I know this isn’t what most multiple myeloma patients want to hear, but the evidence is growing that it is better to stay on some type of maintenance therapy indefinitely. This applies to those who undergo a stem cell transplant and those who don’t.
Here is an example of this as it applies to older patients as reported on CancerConnect.com:
Study Evaluates Treatment for Multiple Myeloma Patients Ineligible for Autologous Stem Cell Transplant
Among patients with newly diagnosed multiple myeloma (MM) who are ineligible for high-dose therapy and stem cell transplant, treatment with a combination of Velcade® (bortezomib), melphalan, prednisone, and thalidomide followed by maintenance therapy with Velcade and thalidomide (VMPT-VT) resulted in better response rate and progression-free survival than treatment with Velcade, melphalan, and prednisone (VMP) without maintenance therapy. These findings were recently published in the Journal of Clinical Oncology.
Multiple myeloma is a cancer of plasma cells. Plasma cells are a special type of white blood cell that are part of the body’s immune system. Plasma cells normally live in the bone marrow and make proteins called antibodies that circulate in the blood and help fight certain types of infections. Plasma cells also play a role in the maintenance of bone by secretion of a hormone called osteoclast activating factor, which causes the breakdown of bone. Patients with multiple myeloma have increased numbers of abnormal plasma cells that may produce increased quantities of dysfunctional antibodies detectable in the blood and/or urine. These abnormal antibodies are referred to as paraproteins or monoclonal proteins in the blood (M proteins) or urine (Bence Jones protein).
For patients older than 65 who may be ineligible for high-dose therapy and stem cell transplant, treatment of multiple myeloma often involves VMP or melphalan-prednisone-thalidomide.
To evaluate the addition of a fourth drug to VMP, along with maintenance therapy, researchers in Italy conducted a Phase III clinical trial among more than 500 patients with newly diagnosed multiple myeloma. Maintenance therapy refers to treatment that is given after a cancer has responded to initial treatment.
Patients enrolled in this study were not candidates for high-dose therapy plus stem-cell transplantation due to either age or other health problems. Study participants were treated with VMPT followed by maintenance therapy with VT or VMP without maintenance therapy.
■Patients in the VMPT-VT arm experienced more frequent side effects, including neutropenia (low white blood cell counts), heart problems, and blood clots. Treatment-related deaths occurred in 4% of patients in the VMPT-VT group versus 3% in the VMP group.
■Three-year progression-free survival was 56% for patients in the VMPT-VT group and 41% in the VMP group.
■38% of patients in the VMPT-VT group experienced a complete response compared with 24% in the VMP group.
■Three-year overall survival was 89% in the VMPT-VT group versus 87% in the VMP group. This difference in overall survival did not meet the criteria for statistical significance, suggesting that it could have occurred by chance alone.
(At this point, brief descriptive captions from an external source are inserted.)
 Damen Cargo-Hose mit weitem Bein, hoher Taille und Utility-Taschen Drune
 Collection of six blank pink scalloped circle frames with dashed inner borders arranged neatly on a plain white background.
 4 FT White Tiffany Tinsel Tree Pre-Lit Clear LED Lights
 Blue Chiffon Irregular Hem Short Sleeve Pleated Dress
The researchers concluded that newly diagnosed MM patients who were not candidates for high-dose therapy plus stem cell transplant experienced a progression-free survival and complete response benefit with VMPT-VT treatment compared with VMP. Individualizing treatment strategies for elderly patients and patients with other health problems is critical to optimizing health outcomes both in terms of survival and quality of life.
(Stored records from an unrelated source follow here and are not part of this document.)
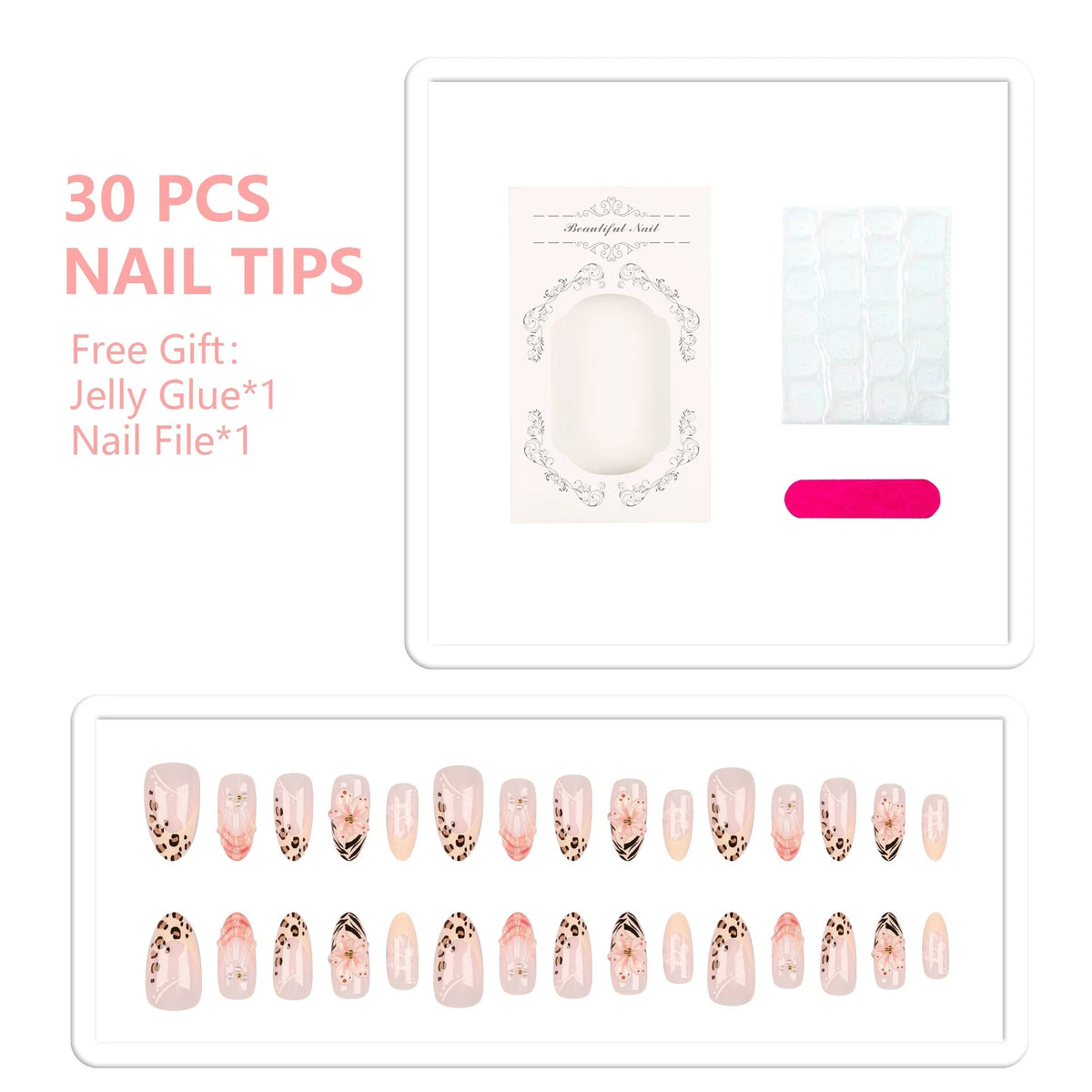 Press-On Nail Tips Designer 30-Piece With Glue & File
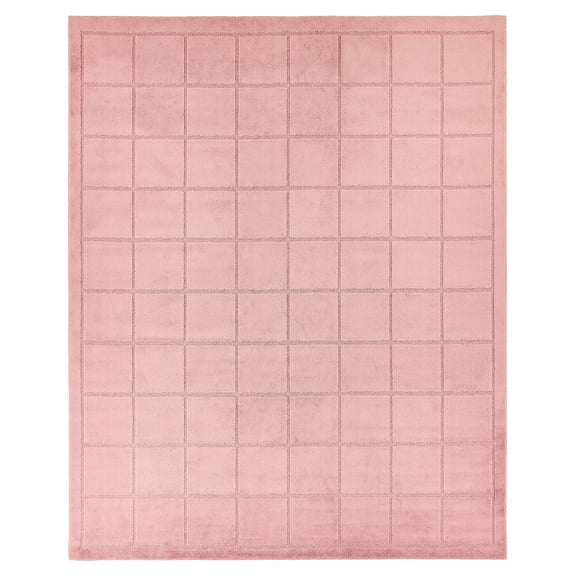 Mainstays Solid High Low Tufted Grid Mauve Pink Indoor Area Rug, 8' x 10'
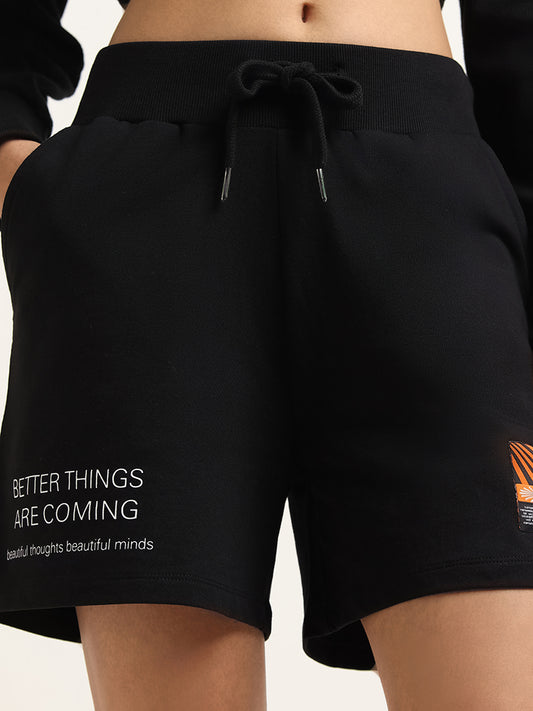 Studiofit Black Loose Fit Shorts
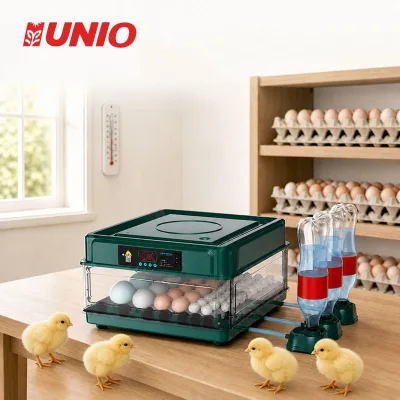 Smart Digital 6-128 Eggs Temperature Humidity Control Auto Egg Turning Transparent Window Home Use Poultry Incubator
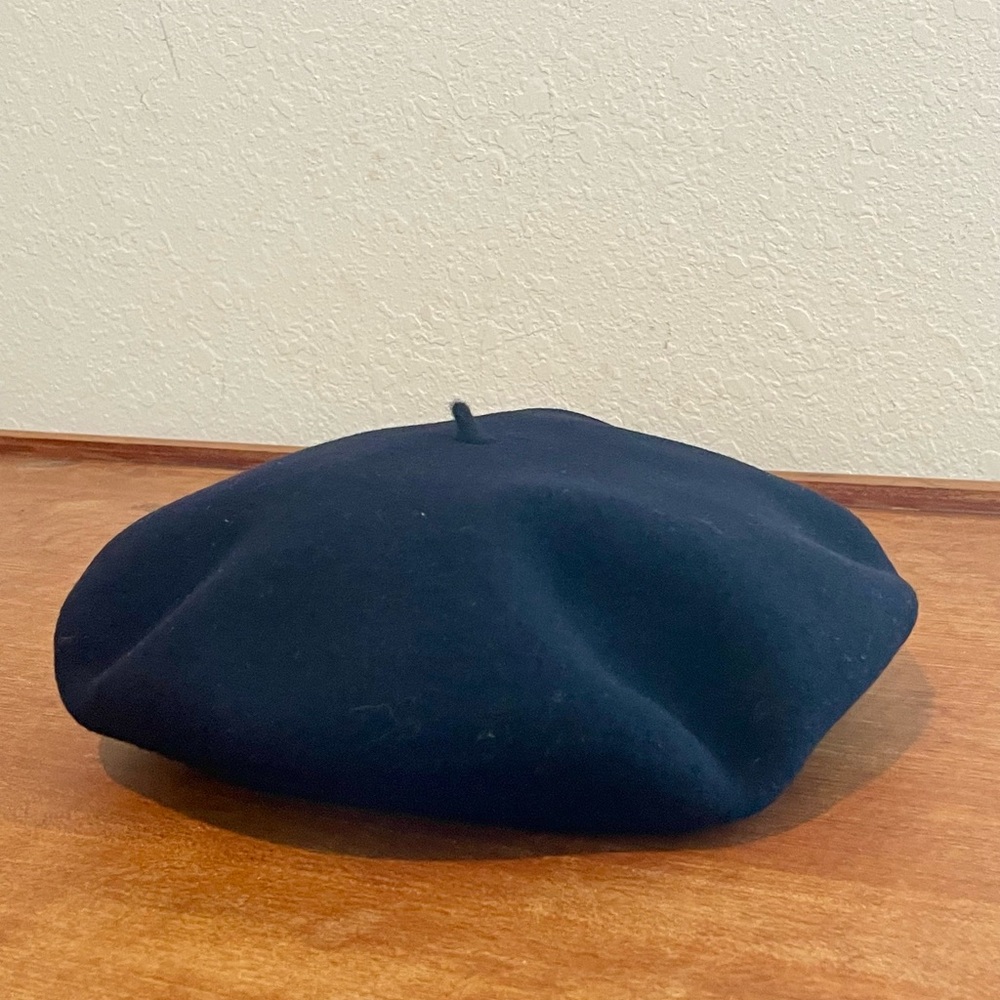 Vintage Printemps Paris Black Pure Lane Felt Wool  Beret Hat - Picture 7 of 15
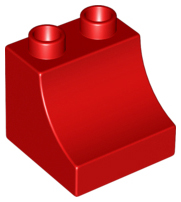 Duplo Brick 2 x 2 x 1 1/2 with Curve in Red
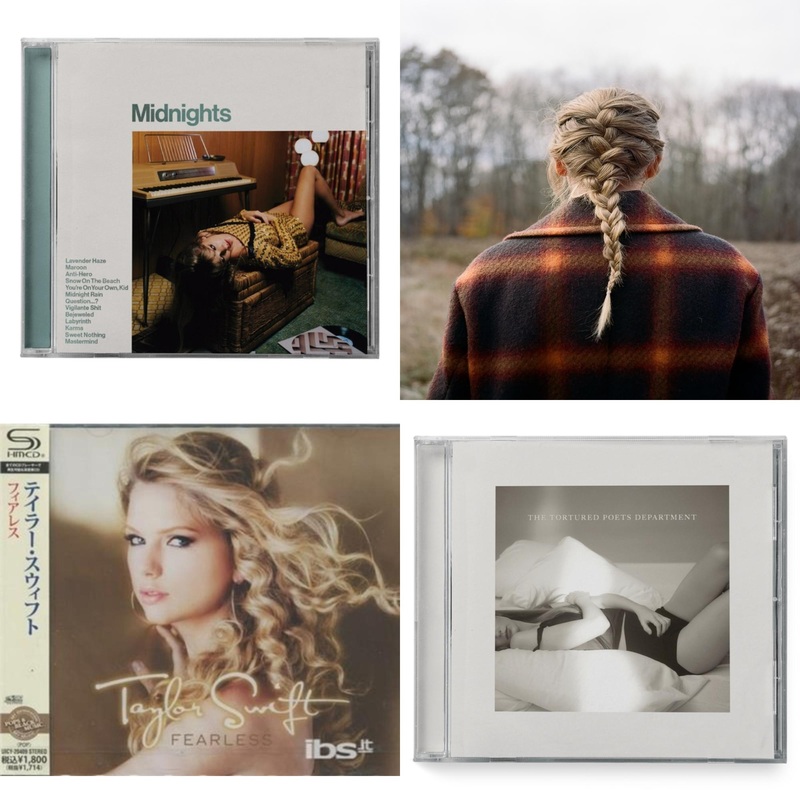 Taylor Swift – Midnights (X) (Jade Green CD) & Evermore (X) & Fearless & Tortured Poets Department(X) (Manuscript- Bonus Track)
 Palumbo A, Bringhen S, Rossi D, et al. Bortezomib-melphalan-prednisone-thalidomide followed by maintenance with bortezomib-thalidomide compared with bortezomib-melphalan-prednisone for initial treatment of multiple myeloma: A randomized controlled trial. Journal of Clinical Oncology [early online publication]. October 12, 2010.
No one is saying you are crazy if you achieve a complete response (CR) or very good partial response (VGPR) and choose to take an indefinite treatment holiday. But statistics are mounting which support continuing on a reduced dose maintenance therapy after your treatment hits a plateau.
You will be reading a lot more about this as we approach this year’s ASH meetings in Orlando in early December.